Bazıları ise yetkilileri yaşananlar ve Hizbullah'ın roket ve yürüyüşlerinin yol açtığı yıkım hakkında gerçeği söylememekle eleştiriyor.

Öte yandan İsrail ordu, askeri üsler, toplanma yerleri ve diğer tesislerdeki kayıpları yayınlamaktan kaçınıyor ve karartma uyguluyor. Hizbullah Genel Sekreteri Naim Kasım’ın eski Hizbullah Genel Sekreteri Hasan Nasrallah'ın ölümünün 40’ıncı günü yaptığı konuşmanın ardından İsrail, roketlerle yoğun saldırıya uğradı, ancak ertesi gün sadece bir gencin öldüğü duyuruldu. İsrail’in günlük gazetelerinden Haaretz, kuzey bölgesindeki son durumla ilgili kapsamlı bir haberinde, Celile'deki bombardıman sonucunda bir İsrail askerinin öldüğünü bildirdi, ancak ordu bunu açıklamazken başka kayıpları da duyurmadı.

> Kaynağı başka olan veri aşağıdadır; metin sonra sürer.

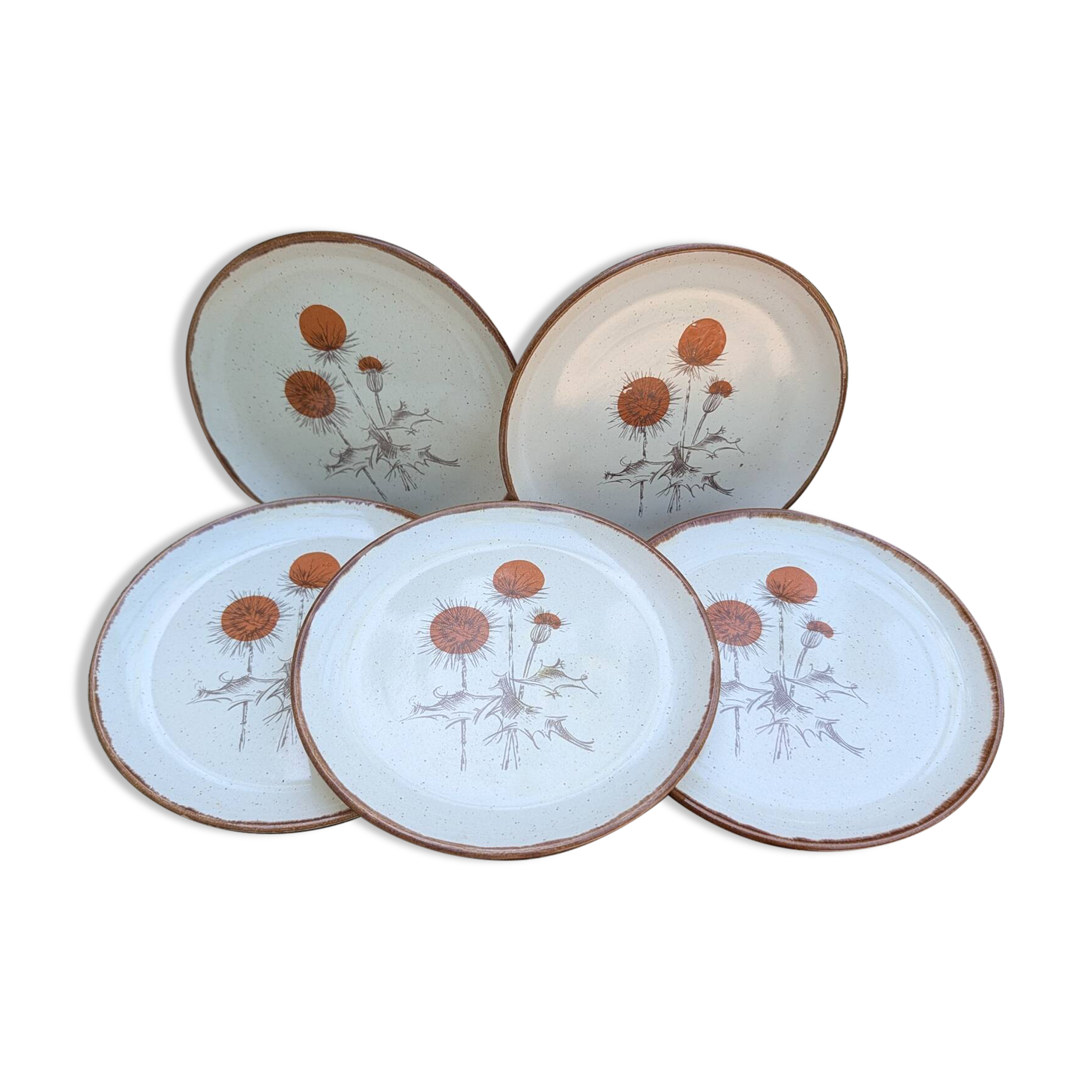 5 flat plates ADP Chardon decor from the 1970s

İsrail için yeni bir güvenlik konsepti

Diğer taraftan İsrail televizyonu Kanal 12 tarafından yayınlanan bir ankete göre İsraillilerin yüzde 55'i Gazze'deki savaşın siyasi nedenlerle devam ettiğine inanırken, bunun nedeninin güvenlik olduğunu düşünenlerin oranı yüzde 36. Yüzde 46'sı İsrail ve Hizbullah arasındaki savaşın siyasi nedenlerle devam ettiğine inanırken, yüzde 44'ü güvenlik nedenleriyle devam ettiğine inanıyor. Aynı anketin sonuçlarına göre Yisrael Katz'ı Savunma Bakanlığı görevine uygun bulmayanların oranı yüzde 62 iken, Netanyahu'ya güvenmeyenlerin oranı yüzde 58.

Güvenlik ve strateji kurumları ile uzmanlar, İsrail'in içinde bulunduğu durum ve bu savaşın acilen sona erdirilmesi ihtiyacı karşısında, bu savaştan nasıl çıkılabileceğine dair çeşitli tavsiyelerde bulundular. Ancak bunlardan biri oldukça dikkat çekiciydi. İsrail ordusunun eski Hava Savunma Komutanı Tuğgeneral Zvika Haimovich, İsrail'in derhal yeni bir güvenlik konsepti çerçevesinde çalışmaya başlaması gerektiği değerlendirmesinde bulundu.

Mevcut savaşa yol açan askeri ve siyasi başarısızlıkların gölgesinde önemli kavramların yeniden gözden geçirilmesi gerektiğini savunan Haimovich, bu önemli kavramlardan birinin, yıllarca ‘Hamas caydırıldı’ ve ‘Hizbullah caydırıldı’ gibi ifadelerle aşırı güç kullanımına ve nihayetinde herkesin bildiği sonuca yol açan caydırıcılığın olduğunu vurguladı.

Haimovich, güvenlik kurumlarının bugün, başta Hizbullah Genel Sekreteri Hasan Nasrallah'ın tasfiyesi olmak üzere Hizbullah'a yönelik eylemleri ve İsrail'in Lübnan ile yaşanan iki savaştan bu yana güçlenen örgütün tehditleri ve kabiliyetlerini sistematik bir şekilde ele alma biçimi ile caydırıcılığı yeniden tesis etmesi ve 7 Ekim sonrası, özellikle de savaşın başlamasının üzerinden geçen bir yılın ardından ortaya çıkan mevcut durum çerçevesinde bu caydırıcılık kavramının içeriğini doğru bir şekilde tanımlaması tavsiyesinde bulundu.